His plan was just temporarily derailed with the injury, but as soon as he healed, Zack would get back on track to reach his goal to ride for a couple more seasons, retire on top and settle with a nice woman who would be a good wife to him and mother to his children. That woman bore no
resemblance to Heather Morrison.
But she was helping him right now, and he owed her something for that.
His gift to her before he left would be helping her get her life on track too. Zack would help her find a different kind of job, make sure she could take care of herself without taking off her clothes in the future. This woman was so much better than that, but she evidently didn’t realize it. As cocky as Heather seemed, her bravado must be a front. She must not have one ounce of self-confidence if she thought all she had to offer to the world was that beautiful backside of hers. Yes, it was spectacular, but not nearly as amazing as her voice. And even though she tried to hide it behind a hard shell, Heather was a caring person with a heart.
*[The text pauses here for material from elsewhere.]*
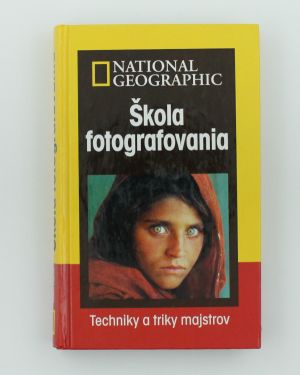 Škola fotografovania - Techniky a triky majstrov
“Sit back and let me wrap your arm,” she said gruffly, waking him up.
Zack leaned back while she rubbed anti-bacterial ointment on the ragged looking five-inch wound on his upper arm. She was extra careful when she slathered it over the fine-black catgut stitches that closed the wound. “Doesn’t look infected, so that’s good,” she commented as she placed the end of the roll of gauze near his elbow, before winding it around and around his arm. She taped off the gauze, and picked up the ace bandage. “I can’t believe the doctor wants you to start therapy so soon.”
“You evidently did too good a job of convincing him I’m a tough bullrider who could take it. I wouldn’t have wanted to mess with you that night either,” he replied with a laugh, and her eyes flew to his.
“He was being an insensitive, condescending jerkwad.” Those cat-green eyes spit fire at him as she stepped back to put her hands on her hips, looking fierce. Goddamn, she was cute.
“And you don’t like those do you?” Zack asked, biting back another laugh, knowing that she lumped him into that category too most of the time. And she was right.
“Damned straight, I don’t. I wasn’t about to let him sit there and tell you your career was done when I know it’s not. He’s not—”
“God—yeah, I remember what you said.” Zac’s smile finally broke, as did a chuckle he couldn’t stop. “Thanks for setting him straight, sweet thing.” His eyes locked on her full lower lip, and right at that moment, he could have kissed her again.
The smile on her face softened her features and lit her eyes. Zack couldn’t help but notice how much younger, less harsh, she looked right then. With her face free of all the heavy makeup she usually wore and that smile on her face, Zack could almost imagine her in a soft floral sundress, her long, thick hair in a ponytail…with a blond-haired baby on her hip.
A cold chill snaked through him, and Zack swallowed down a lump of fear as he shot to his feet. Where the fuck had that come from?
“We need to get going,” he mumbled, as he brushed past her. “I don’t want to be late for my appointment.” That therapy would get him back on the bull, so he could get his plan back on track and get away from this dark-haired witch who was doing strange things to his mind.
Before he did something even more stupid than kissing her.
He was reading kindness and goodness—innocence—into a woman who stripped for men for money when he wasn’t paying her. The only reason she was taking care of him was because he was paying her. Zack needed to remember that, and he needed to hurry up this healing process, because he knew he would eventually lose this battle with himself if he didn’t.
Chapter Six
Zack wondered how long he’d have to tolerate being an invalid—as useless as tits on a boar hog. How long Heather would continue to treat him that way. Yeah, he was paying her damned good money to do it, but he felt like a mooch. Having to sit on the sofa listening to Mrs. Clean banging pots and pans around in the kitchen, scrubbing them was driving him crazy. His one attempt to help thirty minutes ago though, running the vacuum, had resulted in him being scolded and forced back to the sofa with an ice pack on his arm.
The walls of the small apartment were closing in on him more every day. A man could only watch so much television before he became brain dead. Zack was bored out of his mind. And although he and Heather had reached a tenuous peace, it amounted to circling each other like caged cats. He almost wanted to aggravate her just to get a rise and have something to do. Arguing was a good brain stimulating activity, and he’d probably welcome it right now, he thought, as he flipped through channels without even paying attention to what was on.
According to the therapist, although he was making good progress, it would be weeks, months, before he was even close to back to normal. The man said the jury was out as to whether he’d be able to ride anytime in the next millennium. He told Zack to have patience, but that was a commodity in short supply. It always had been.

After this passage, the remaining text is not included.